== SUPPLIED MATERIAL ==
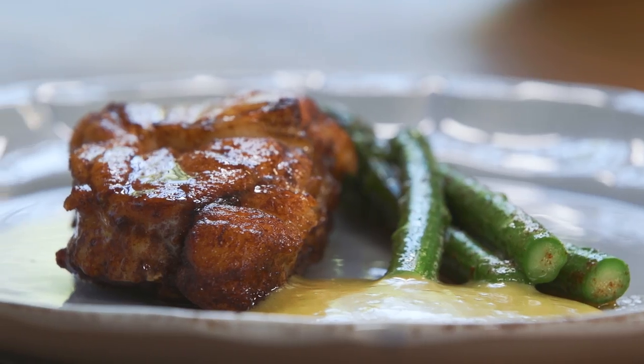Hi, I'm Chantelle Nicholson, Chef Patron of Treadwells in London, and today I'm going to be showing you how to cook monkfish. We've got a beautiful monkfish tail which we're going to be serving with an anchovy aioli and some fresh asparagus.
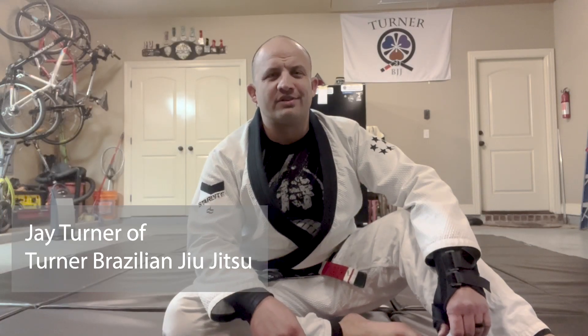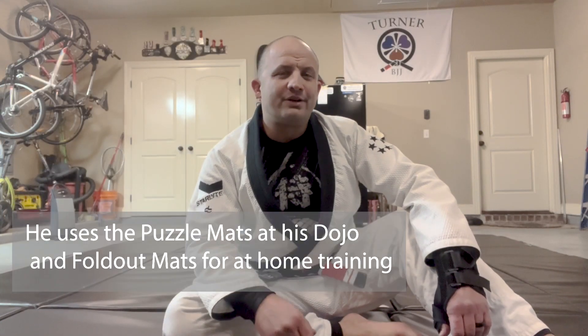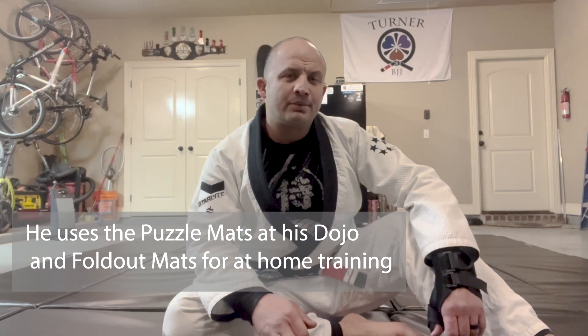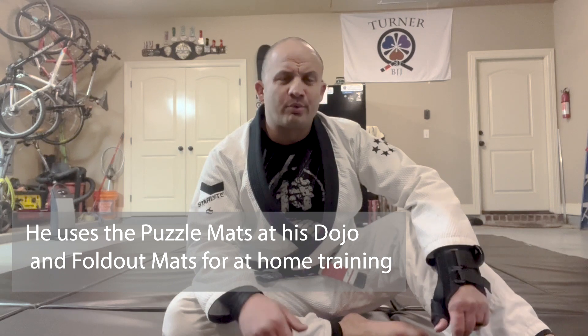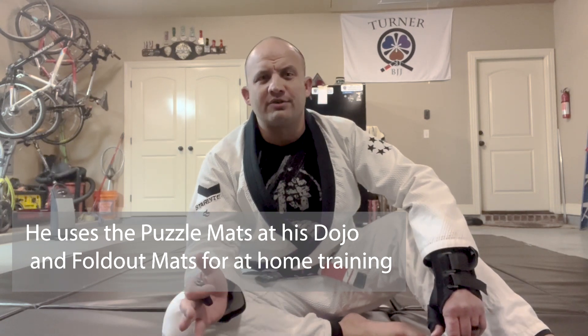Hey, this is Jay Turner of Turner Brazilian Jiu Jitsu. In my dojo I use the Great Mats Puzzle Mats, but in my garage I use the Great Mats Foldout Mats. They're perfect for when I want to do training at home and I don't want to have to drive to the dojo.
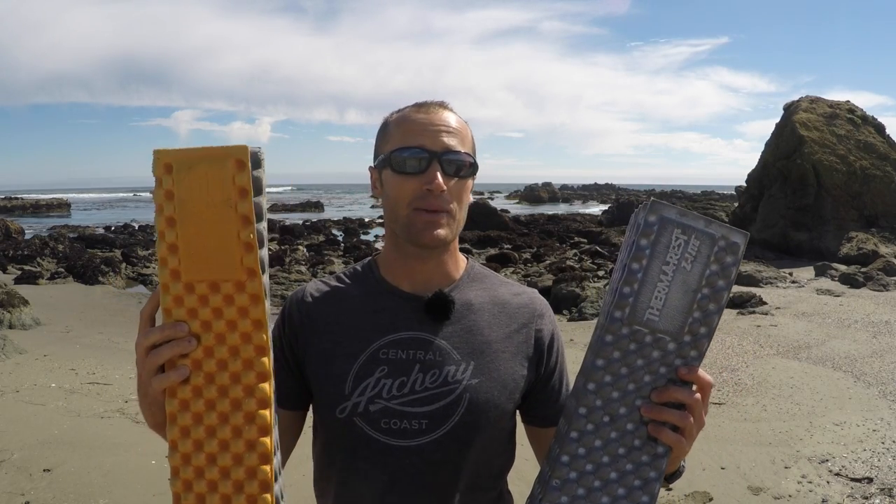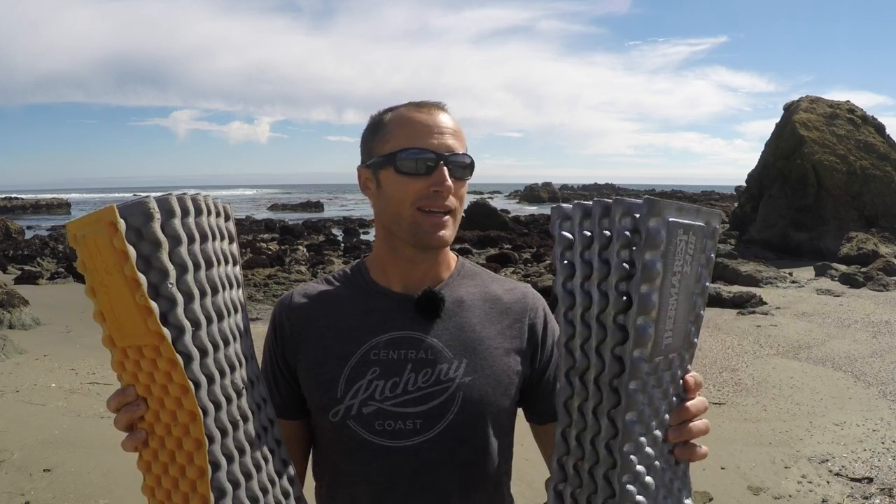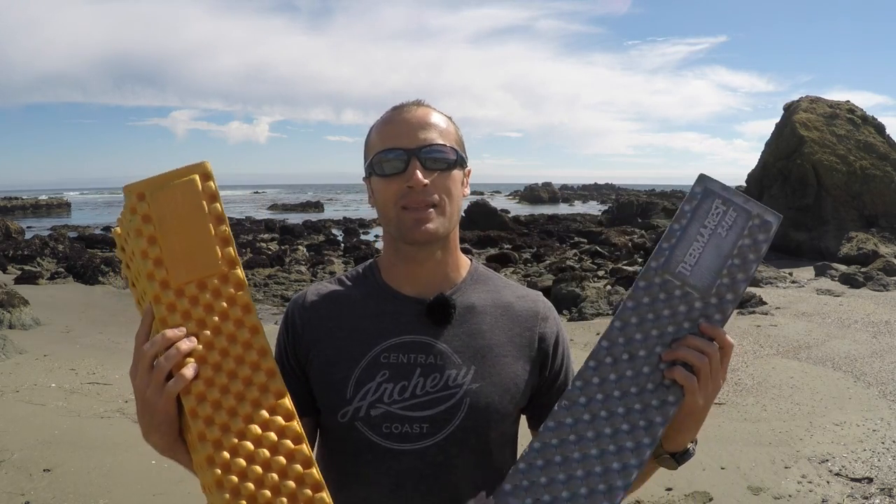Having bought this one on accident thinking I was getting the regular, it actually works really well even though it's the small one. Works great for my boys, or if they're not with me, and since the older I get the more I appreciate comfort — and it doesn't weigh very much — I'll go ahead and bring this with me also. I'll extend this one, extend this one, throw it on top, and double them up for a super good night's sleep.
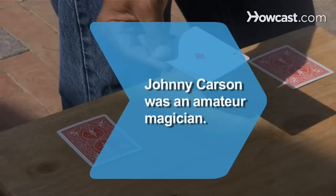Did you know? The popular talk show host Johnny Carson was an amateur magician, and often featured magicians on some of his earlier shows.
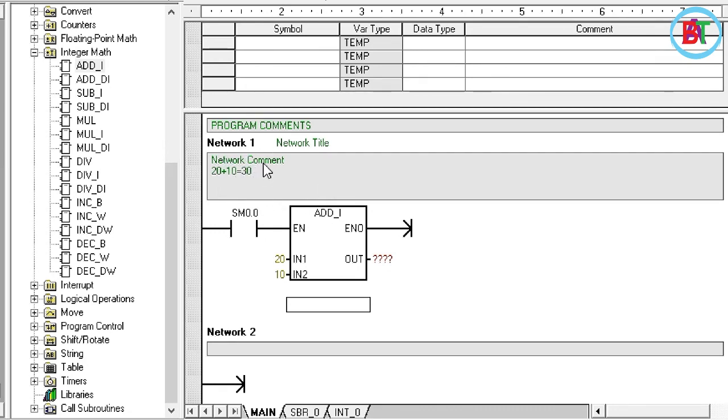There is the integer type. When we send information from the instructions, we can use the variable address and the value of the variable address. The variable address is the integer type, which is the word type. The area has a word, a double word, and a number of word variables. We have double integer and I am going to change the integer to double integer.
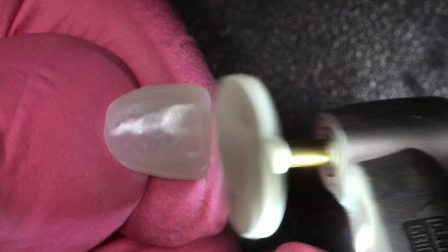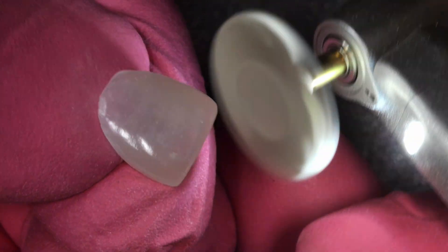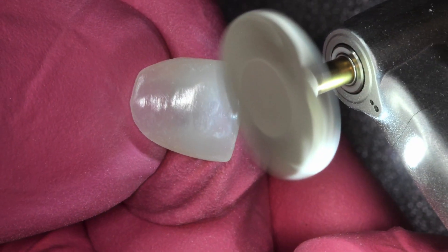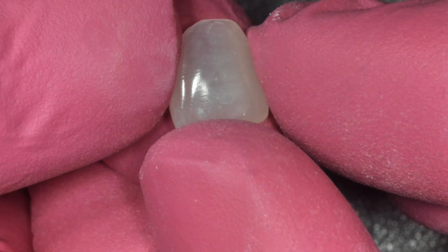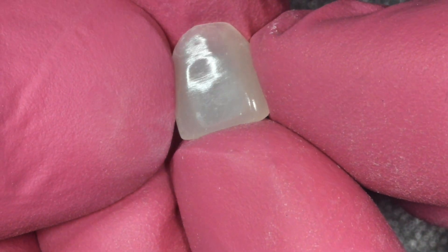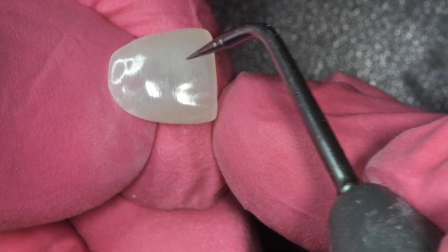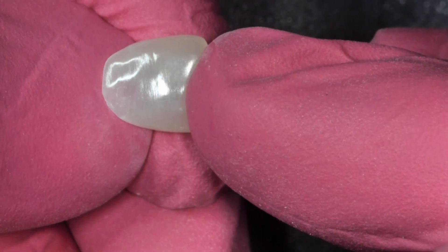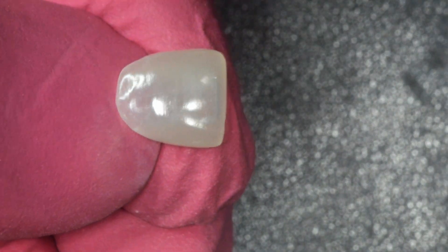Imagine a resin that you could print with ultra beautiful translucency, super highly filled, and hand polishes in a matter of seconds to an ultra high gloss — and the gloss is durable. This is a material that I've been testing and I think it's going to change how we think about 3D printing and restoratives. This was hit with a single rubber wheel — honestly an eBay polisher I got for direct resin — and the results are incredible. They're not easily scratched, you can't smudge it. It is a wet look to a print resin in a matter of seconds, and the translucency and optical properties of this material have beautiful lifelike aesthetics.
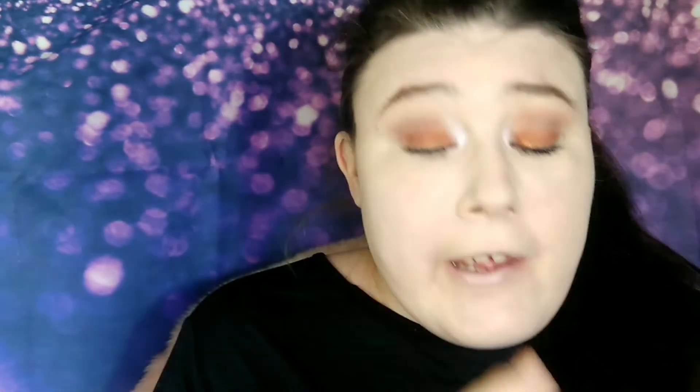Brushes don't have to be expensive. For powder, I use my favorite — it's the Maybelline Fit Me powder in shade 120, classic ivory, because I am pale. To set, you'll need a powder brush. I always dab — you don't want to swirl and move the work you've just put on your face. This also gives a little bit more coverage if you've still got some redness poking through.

== ABOUT THIS EXERCISE ==
Please output the data above exactly as given, omitting every picture.

== ANSWER BOX ==
Hi, I'm Chantelle Nicholson, Chef Patron of Treadwells in London, and today I'm going to be showing you how to cook monkfish. We've got a beautiful monkfish tail which we're going to be serving with an anchovy aioli and some fresh asparagus.
Hey, this is Jay Turner of Turner Brazilian Jiu Jitsu. In my dojo I use the Great Mats Puzzle Mats, but in my garage I use the Great Mats Foldout Mats. They're perfect for when I want to do training at home and I don't want to have to drive to the dojo.
Having bought this one on accident thinking I was getting the regular, it actually works really well even though it's the small one. Works great for my boys, or if they're not with me, and since the older I get the more I appreciate comfort — and it doesn't weigh very much — I'll go ahead and bring this with me also. I'll extend this one, extend this one, throw it on top, and double them up for a super good night's sleep.
Did you know? The popular talk show host Johnny Carson was an amateur magician, and often featured magicians on some of his earlier shows.
There is the integer type. When we send information from the instructions, we can use the variable address and the value of the variable address. The variable address is the integer type, which is the word type. The area has a word, a double word, and a number of word variables. We have double integer and I am going to change the integer to double integer.
Imagine a resin that you could print with ultra beautiful translucency, super highly filled, and hand polishes in a matter of seconds to an ultra high gloss — and the gloss is durable. This is a material that I've been testing and I think it's going to change how we think about 3D printing and restoratives. This was hit with a single rubber wheel — honestly an eBay polisher I got for direct resin — and the results are incredible. They're not easily scratched, you can't smudge it. It is a wet look to a print resin in a matter of seconds, and the translucency and optical properties of this material have beautiful lifelike aesthetics.
Brushes don't have to be expensive. For powder, I use my favorite — it's the Maybelline Fit Me powder in shade 120, classic ivory, because I am pale. To set, you'll need a powder brush. I always dab — you don't want to swirl and move the work you've just put on your face. This also gives a little bit more coverage if you've still got some redness poking through.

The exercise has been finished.